Enzon Pharmaceuticals gets consents needed to amend 4% convertibles

By Angela McDaniels

Tacoma, Wash., Aug. 25 - Enzon Pharmaceuticals, Inc. received consents from holders of a majority of its $275 million 4% convertible senior notes due 2013 during a consent solicitation that expired at 5 p.m. ET on Friday, according to an 8-K filing with the Securities and Exchange Commission.

Holders who delivered consents will receive $2.50 per $1,000 principal amount of notes.

The company began the consent solicitation on Aug. 13 in connection with the spinoff of its biotechnology business into a separate, publicly traded company.

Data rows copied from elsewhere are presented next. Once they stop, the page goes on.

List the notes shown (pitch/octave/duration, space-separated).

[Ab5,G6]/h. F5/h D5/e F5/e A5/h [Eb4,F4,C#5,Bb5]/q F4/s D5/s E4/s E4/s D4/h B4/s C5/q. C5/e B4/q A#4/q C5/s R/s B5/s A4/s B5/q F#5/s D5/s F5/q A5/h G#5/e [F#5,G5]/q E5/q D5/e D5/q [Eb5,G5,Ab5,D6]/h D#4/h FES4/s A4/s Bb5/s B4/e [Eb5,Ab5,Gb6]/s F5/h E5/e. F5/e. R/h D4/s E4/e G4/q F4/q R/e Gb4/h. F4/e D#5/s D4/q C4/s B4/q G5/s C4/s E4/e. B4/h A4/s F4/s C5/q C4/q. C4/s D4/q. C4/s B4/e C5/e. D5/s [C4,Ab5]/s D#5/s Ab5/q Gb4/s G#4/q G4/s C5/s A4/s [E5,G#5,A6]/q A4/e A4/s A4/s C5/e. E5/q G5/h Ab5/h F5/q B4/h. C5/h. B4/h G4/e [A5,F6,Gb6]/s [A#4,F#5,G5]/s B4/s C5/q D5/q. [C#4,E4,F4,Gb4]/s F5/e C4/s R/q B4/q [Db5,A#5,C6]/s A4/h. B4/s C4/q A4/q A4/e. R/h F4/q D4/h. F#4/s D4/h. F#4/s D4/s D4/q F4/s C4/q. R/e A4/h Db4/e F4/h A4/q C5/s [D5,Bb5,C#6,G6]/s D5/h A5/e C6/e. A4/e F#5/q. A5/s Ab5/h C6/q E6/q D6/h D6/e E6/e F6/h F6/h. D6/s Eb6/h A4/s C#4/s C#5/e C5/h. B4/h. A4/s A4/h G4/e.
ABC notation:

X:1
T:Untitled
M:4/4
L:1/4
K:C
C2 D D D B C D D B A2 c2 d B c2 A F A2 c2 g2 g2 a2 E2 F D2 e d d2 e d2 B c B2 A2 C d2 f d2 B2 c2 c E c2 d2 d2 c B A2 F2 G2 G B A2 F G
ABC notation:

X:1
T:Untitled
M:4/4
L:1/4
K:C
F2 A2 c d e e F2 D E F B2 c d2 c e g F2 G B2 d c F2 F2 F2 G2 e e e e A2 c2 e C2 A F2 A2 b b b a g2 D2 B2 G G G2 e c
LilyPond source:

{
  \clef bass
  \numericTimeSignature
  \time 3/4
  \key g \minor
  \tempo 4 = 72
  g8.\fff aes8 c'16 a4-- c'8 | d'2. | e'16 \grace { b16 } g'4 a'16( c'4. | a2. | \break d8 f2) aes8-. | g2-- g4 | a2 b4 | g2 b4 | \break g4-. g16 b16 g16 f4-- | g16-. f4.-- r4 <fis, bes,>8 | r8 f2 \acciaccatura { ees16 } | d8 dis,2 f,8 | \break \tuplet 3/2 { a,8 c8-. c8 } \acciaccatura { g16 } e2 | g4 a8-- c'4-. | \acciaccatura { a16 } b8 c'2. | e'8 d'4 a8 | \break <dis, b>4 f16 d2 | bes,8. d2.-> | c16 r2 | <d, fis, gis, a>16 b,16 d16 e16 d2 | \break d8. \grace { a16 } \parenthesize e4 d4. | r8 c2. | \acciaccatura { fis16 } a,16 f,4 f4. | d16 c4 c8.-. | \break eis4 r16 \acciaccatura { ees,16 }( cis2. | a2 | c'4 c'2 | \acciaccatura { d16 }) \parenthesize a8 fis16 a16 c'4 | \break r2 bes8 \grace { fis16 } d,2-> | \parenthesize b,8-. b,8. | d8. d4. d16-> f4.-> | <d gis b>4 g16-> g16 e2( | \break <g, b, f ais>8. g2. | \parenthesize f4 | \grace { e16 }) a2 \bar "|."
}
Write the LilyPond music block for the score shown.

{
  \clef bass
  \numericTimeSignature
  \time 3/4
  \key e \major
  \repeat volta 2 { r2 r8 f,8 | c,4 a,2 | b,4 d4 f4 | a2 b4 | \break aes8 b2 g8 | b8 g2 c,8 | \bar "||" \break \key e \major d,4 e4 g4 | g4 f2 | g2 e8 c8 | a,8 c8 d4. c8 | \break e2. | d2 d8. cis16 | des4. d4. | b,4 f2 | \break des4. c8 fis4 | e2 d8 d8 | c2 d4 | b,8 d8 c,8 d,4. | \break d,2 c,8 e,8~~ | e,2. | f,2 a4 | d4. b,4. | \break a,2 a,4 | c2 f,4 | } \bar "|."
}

Enzon said it amended the indenture governing the notes on Monday to:

• Eliminate any exceptions to circumstances under which a sale or transfer by the company of all or its assets would constitute a fundamental change;

• Provide that Enzon may not sell or transfer all of its assets unless it retains an amount in cash large enough to repurchase the notes and no event of default has occurred; and

• Increase the number of shares issuable upon conversion of the notes in connection with a fundamental change. The amount of additional shares would depend on the date of the fundament change and the company's stock price at the time.

Goldman, Sachs & Co. was the solicitation agent, and Global Bondholder Services Corp. was the information and tabulation agent.

Enzon is a Bridgewater, N.J.-based biopharmaceutical company.